Iontophoresis is started in a clinic setting with ongoing treatment that can be continued in the comfort of your own home with the purchase of an iontophoresis machine. It is most effective for hands and feet, however, special accessories can be used to treat other areas such as underarms and face. Iontophoresis uses a water bath and a low-level electric current, which affects the “Stratum Corneum” (the outermost layer of the skin). This results in blockage of the sweat glands at that skin layer and prevents sweat production. Not all dermatology offices will have iontophoresis available.

  • Oral Anticholinergics

Anticholinergics are tablets that can be taken by mouth to block the activity of the chemical “Acetylcholine” in the body. This chemical is responsible for switching on the sweat glands to actively produce sweat. Oral anticholinergics is particularly suitable if you are experiencing generalised sweating.

  • Anti Sweating Injections

This is an effective treatment that is most commonly used for the underarms, although it can be used in other areas. Your dermatologist will inject small amounts of botulinum toxin into the skin, which paralyses the tiny nerves supplying the sweat glands.
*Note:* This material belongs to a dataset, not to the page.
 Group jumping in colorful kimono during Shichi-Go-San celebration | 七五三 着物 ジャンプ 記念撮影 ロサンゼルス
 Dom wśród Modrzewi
This stops the sweat glands responding to the signal to generate sweat and can lead to you being sweat free for up to 6-9 months.

  • Microwave Technology

This treatment may sound scary but it is safe and is only available for underarms. A therapist uses a hand-held device that creates a gentle “vacuum action” to lift the skin. Next, heat energy is applied to the area to permanently destroy the sweat glands. A secondary benefit of microwave technology is hair reduction in the treated area.

  • Surgery

Surgical intervention has been largely superseded by other less invasive treatment options. It may be considered in people with very resistant hyperhidrosis.

What lifestyle changes can help with sweating?
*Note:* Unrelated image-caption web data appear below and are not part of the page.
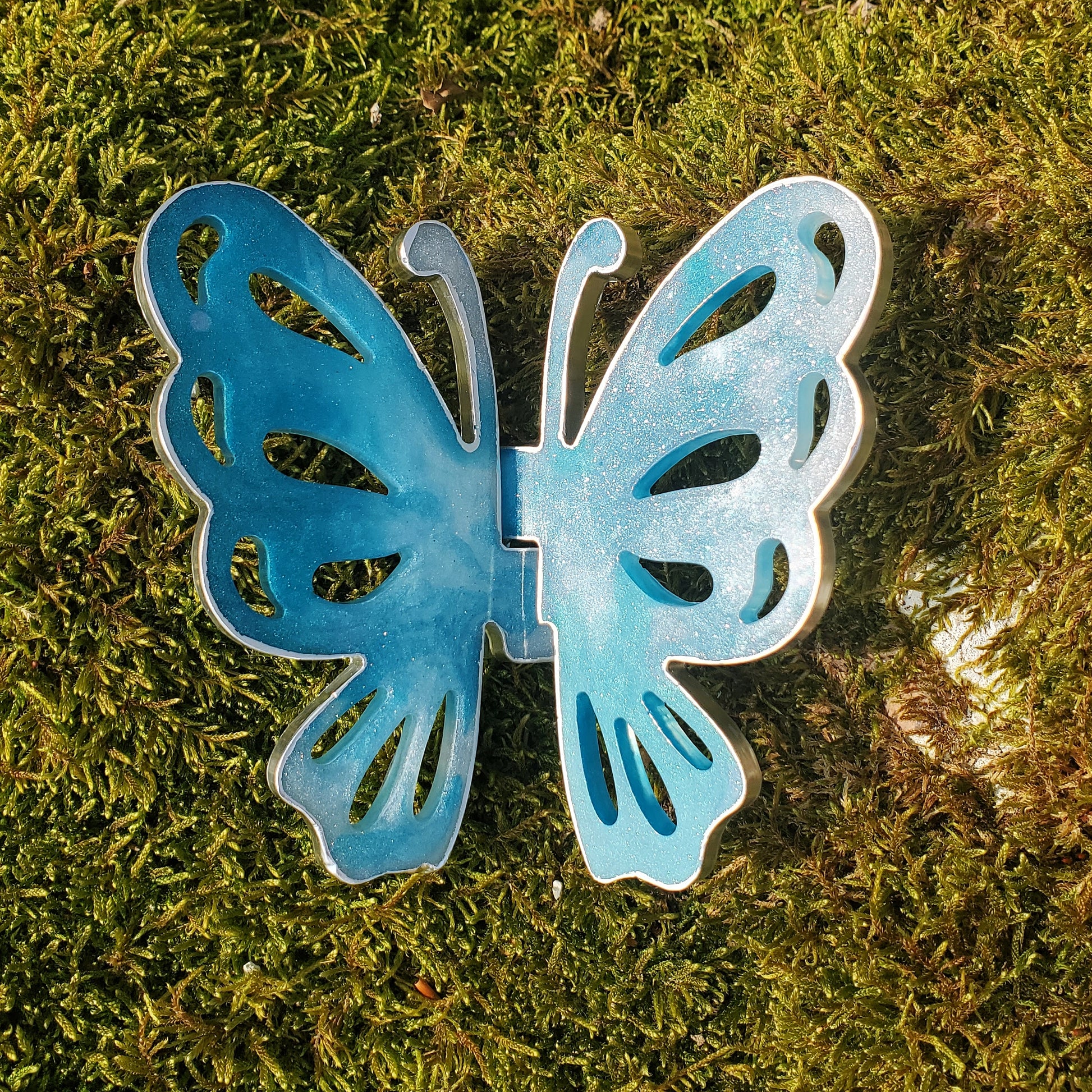 Dekoschmetterling aus Epoxidharz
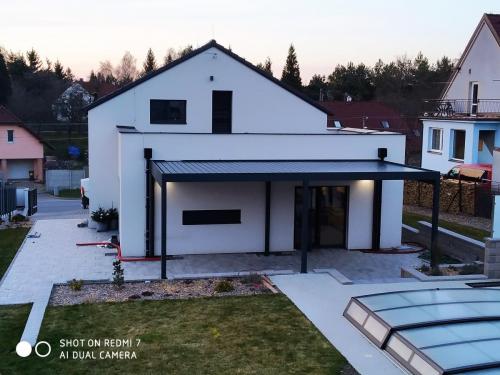 BIOKLIMATICKÁ PERGOLA PORTOFINO V TÁBOŘE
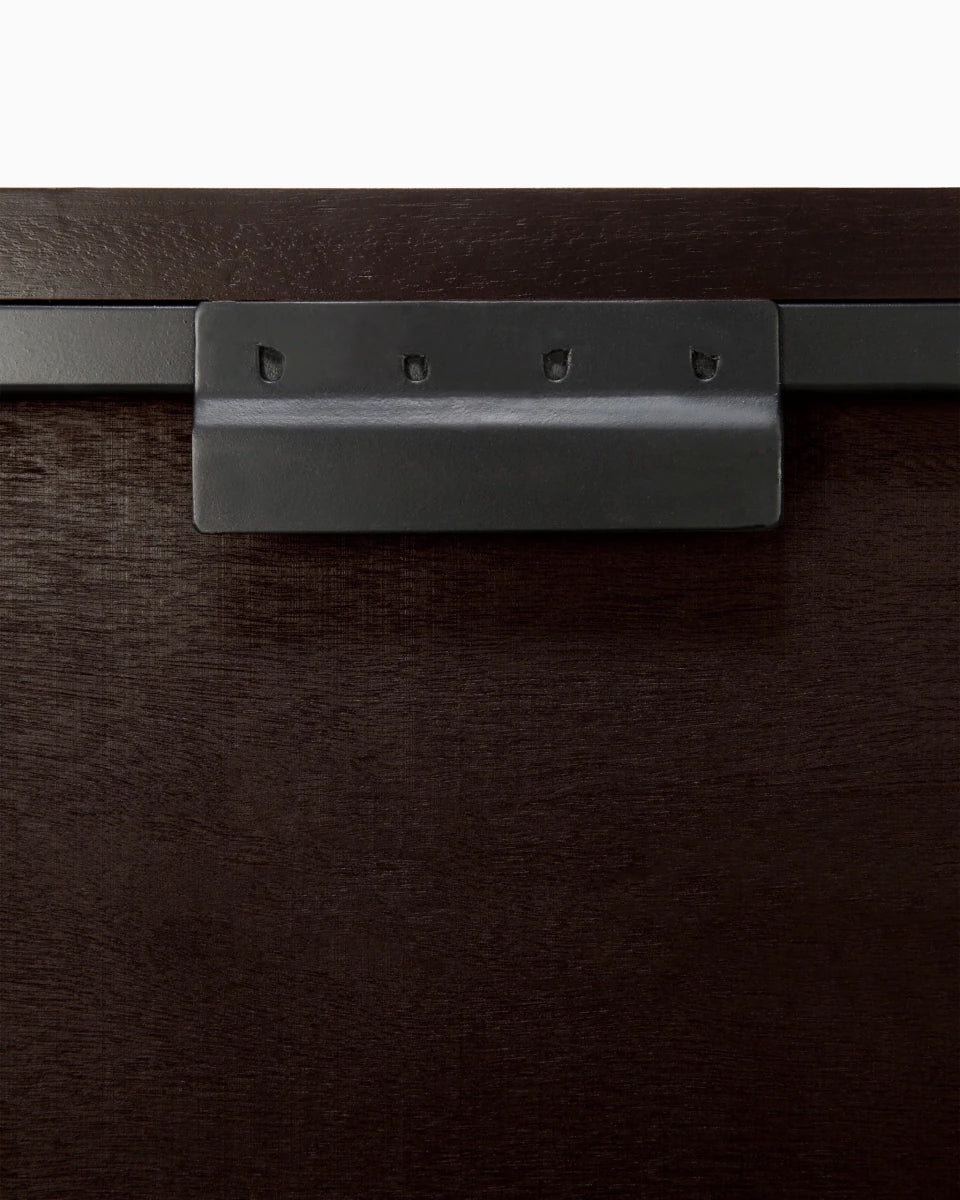 Black / 47.5 x 35.5"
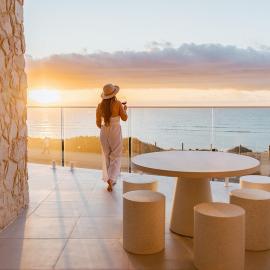 Sunsets Aldinga Beach, 4 king rooms, rooftop, incredible views, hotel in Aldinga Beach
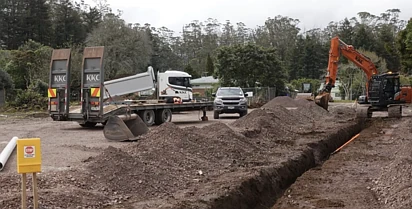 建房要靠“关系户”？社区住房机构质疑政策不公，多个项目停摆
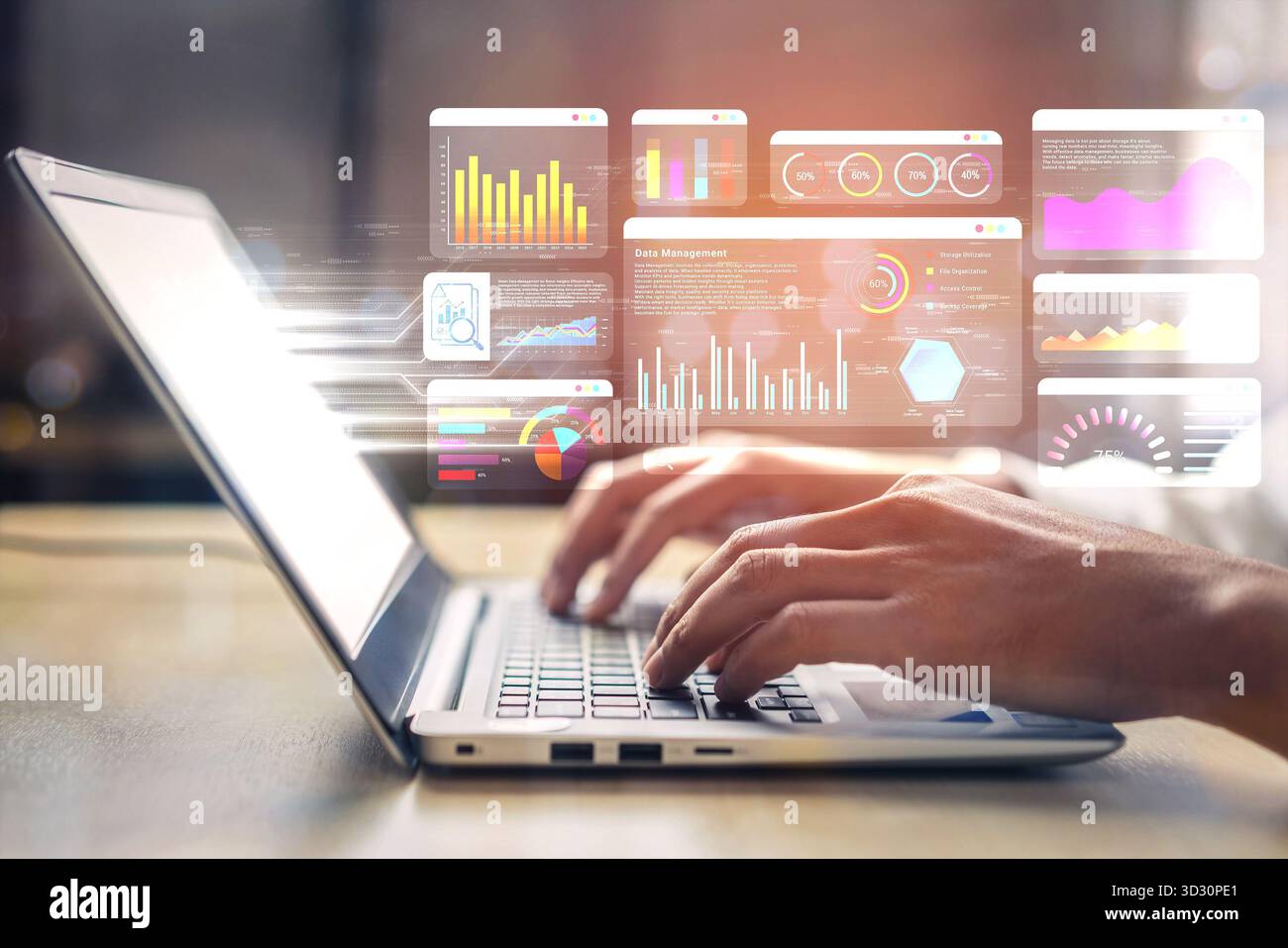 La gestione dei dati consente analisi efficienti, monitoraggio delle tendenze e monitoraggio delle prestazioni per l'analisi della strategia aziendale Foto Stock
General measures for helping you cope with sweating include

  • Avoiding situations which trigger sweating, where possible (such as hot places).
  • Learning relaxation techniques such as yoga and meditation to relieve the stress that triggers sweating.
  • Reduce intake of alcohol or spicy foods, which may initiate flushing and trigger episodic sweating.
  • Choosing clothing to wick moisture away from your skin, such as natural fabrics like cotton, or stain-resistant, sweat-proof garments, or adhesive absorbent underarm pads. A change of clothing may still be necessary during the day.
  • Airing your feet during the day (removing shoes periodically) and having extra pairs of shoes and socks to change into throughout the day. Having multiple pairs of daytime shoes allows worn pairs to dry out for a few days before being worn again.
  • Daily bathing using a non-soap cleanser.
  • Apply an antiperspirant product (differs from a deodorant) to reduce the amount of sweat that reaches your skin.